Rian Johnson’s delightfully twisty whodunit shows that the Last Jedi director can succeed in just about any medium or genre. Armed with a murderer’s row of talent (Jamie Lee Curtis, Chris Evans, Daniel Craig, and Christopher Plummer, to name a few), Johnson appears to go full locked-room mystery before letting the story bloom into something larger, stranger, and funnier. Ana de Armas is quietly brilliant in the lead role of Marta, but Craig is the real draw here. Bringing back his absurd Logan Lucky accent, Craig is having the time of his life (and simultaneously revealing why he’s so tired of playing James Bond). What shines through in Knives Out, more than anything, is his love of storytelling. And his skill at it.

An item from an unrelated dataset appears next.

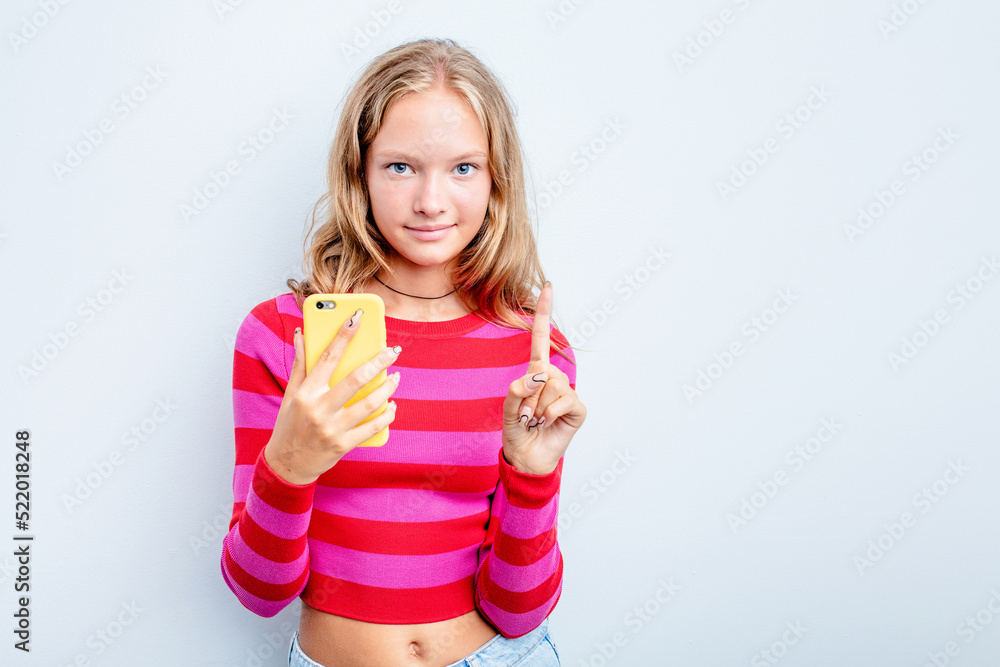 Caucasian teen girl holding mobile phone isolated on blue background showing number one with finger. Caucasian teen girl holding mobile phone isolated on blue background showing number one with finger.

9: John Wick: Chapter 3 – Parabellum

I would watch one hundred John Wick movies. The first twenty minutes of Parabellum are as breathlessly intense as the climax of any other action movie. Chad Stahelski’s kinetic, frenetic thriller starts at 10 and rarely dips below 9. Mileage might vary for this one, as it is the most steeped in the lore of John Wick’s wackadoo video game world, where everyone is a hitman reporting to some mysterious High Table. That’s fair. For those of us who aren’t turned off by that, Parabellum is a kind of masterpiece. Operatic in its violence, and centered around Keanu Reeves in yet another career-defining role, Parabellum is a film that I saw twice in theaters, and have not stopped admiring since.

8: The Report

Scott Z. Burn’s probe into the lies surrounding torture performed by American troops in Iraq is hard to watch, and impossible to ignore. Between this, Spotlight, and The Post, there is a renaissance of these types of films, deliberate stories in which the thrills come from conversation and discovery, and The Report might be the most brutal in its depiction of human depravity. Adam Driver is seemingly the only moral person in a world rapidly going mad, and through his steely, determined performance, we feel as helpless as he does. This is a film that will hurt you in your heart, a damning time capsule to remind us all of the time when this country lost its soul, a fact which makes it tragically, unbearably, timely today.

7: The Lighthouse

Robert Eggers followed up The Witch with a film that is either horror disguised as buddy comedy, or vice versa. Shot in 35mm black and white, in a 1:19:1 aspect ratio, The Lighthouse could work as a silent film, equal parts Fritz Lang and F.W. Murnau. As Willem Dafoe (giving his best performance since The Florida Project) and Robert Pattinson (now-predictably excellent) devolve into madness, the film veers from hallucinatory horror to tragicomic opera. Eggers’ fever dream of a film worms its way under your skin and eats you from the inside out.

6: Midsommar

In which Ari Aster singlehandedly dismantles the notion of the sophomore slump. The director of Hereditary returned, just a year after his debut, with this psychedelic, unnerving daytime nightmare. Florence Pugh delivers a fearless performance, never backing away from the depths of her character’s unfathomable grief. Despite the film’s bleak beginning (and ending), it is also one of the funniest movies of the year. Aster balances tone with aplomb, evinced by the single best scene of the year: Pugh, wracked with sobs, surrounded by women mimicking her every tear and wail. It goes from mocking to cathartic in one camera shot, and by the time the scene is over, you know you are watching the work of a master.

5: Ad Astra

James Gray might be the most unsung director in Hollywood (well, male director at least). He bounds effortlessly between genres in a way that would make Kubrick proud. He excels at whatever he attempts, be it crime drama (We Own the Night), historical romance (The Immigrant), or a Herzogian portrait of obsession (The Lost City of Z). So it’s no surprise that his first sci-fi film, Ad Astra, is an absolute stunner. Anchored by Brad Pitt’s quiet, soulful performance, Gray’s film looks to the stars and finds the same problems that bedevil humanity. Ad Astra is a film about fathers and sons, about the corrosive effect of toxic masculinity, and it manages to include moon pirates and a battle with a feral ape on a spaceship. Truly the work of one of our most gifted auteurs.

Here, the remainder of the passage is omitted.